▶ **Work to be completed**: Images are to be omitted, and the rest of the records reproduced exactly.

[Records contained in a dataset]

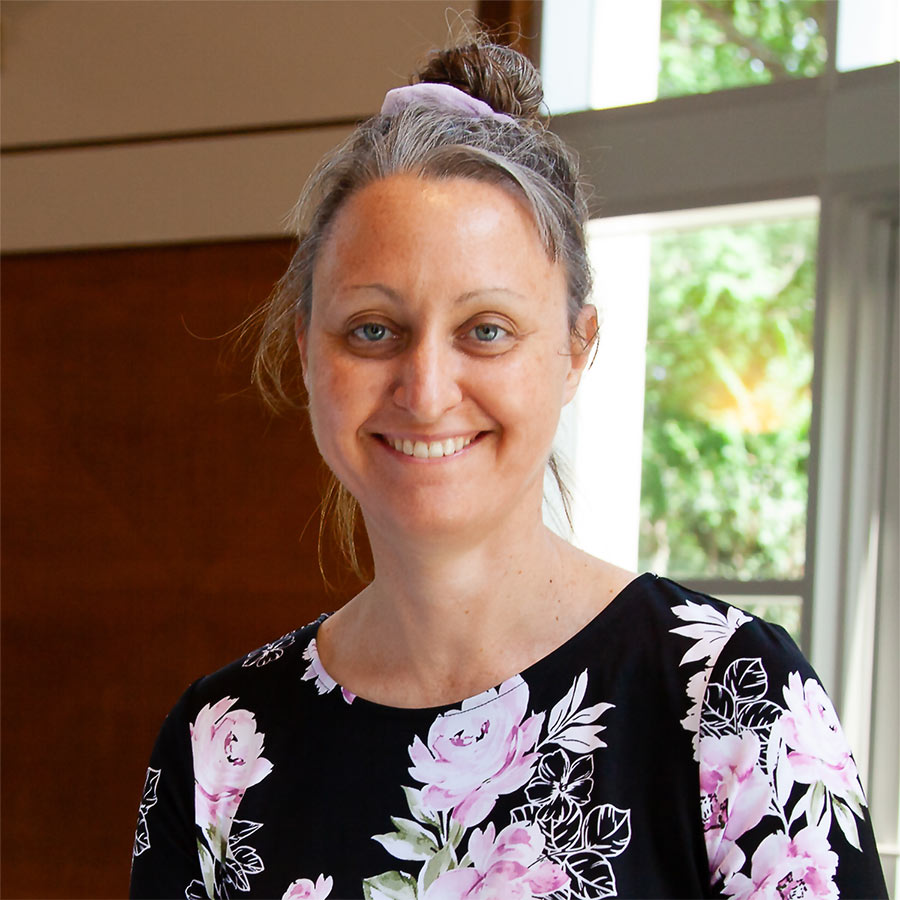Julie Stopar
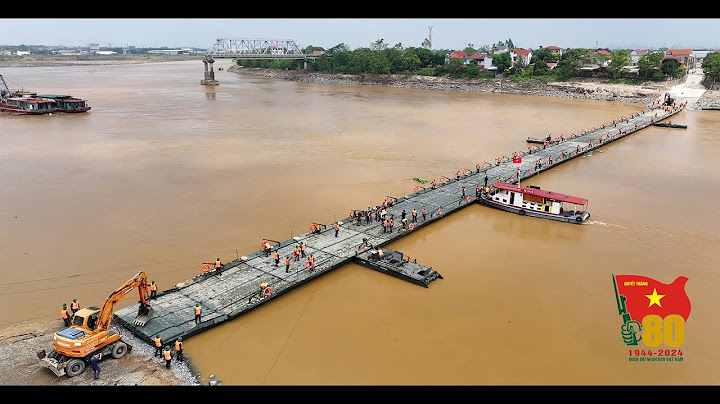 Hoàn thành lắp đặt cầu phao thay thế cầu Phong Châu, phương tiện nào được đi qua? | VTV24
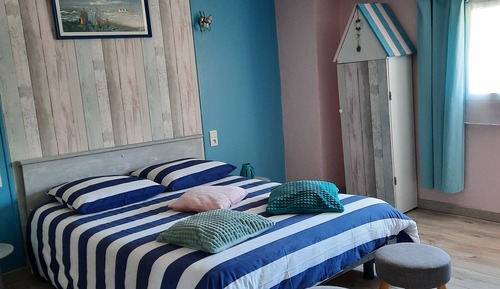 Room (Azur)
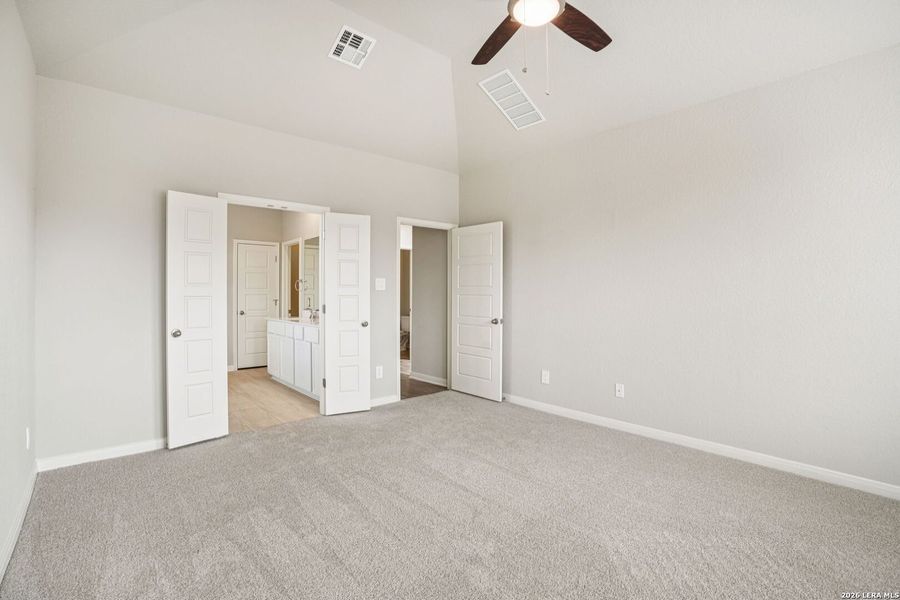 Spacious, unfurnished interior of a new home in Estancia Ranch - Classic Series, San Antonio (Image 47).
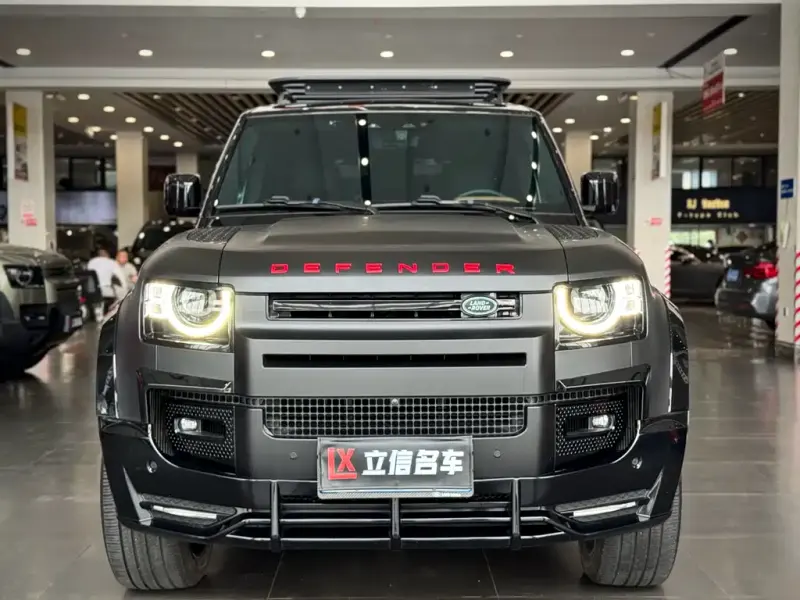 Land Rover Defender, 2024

▶ **Answer box**:
Julie Stopar
 Hoàn thành lắp đặt cầu phao thay thế cầu Phong Châu, phương tiện nào được đi qua? | VTV24
 Room (Azur)
 Spacious, unfurnished interior of a new home in Estancia Ranch - Classic Series, San Antonio (Image 47).
 Land Rover Defender, 2024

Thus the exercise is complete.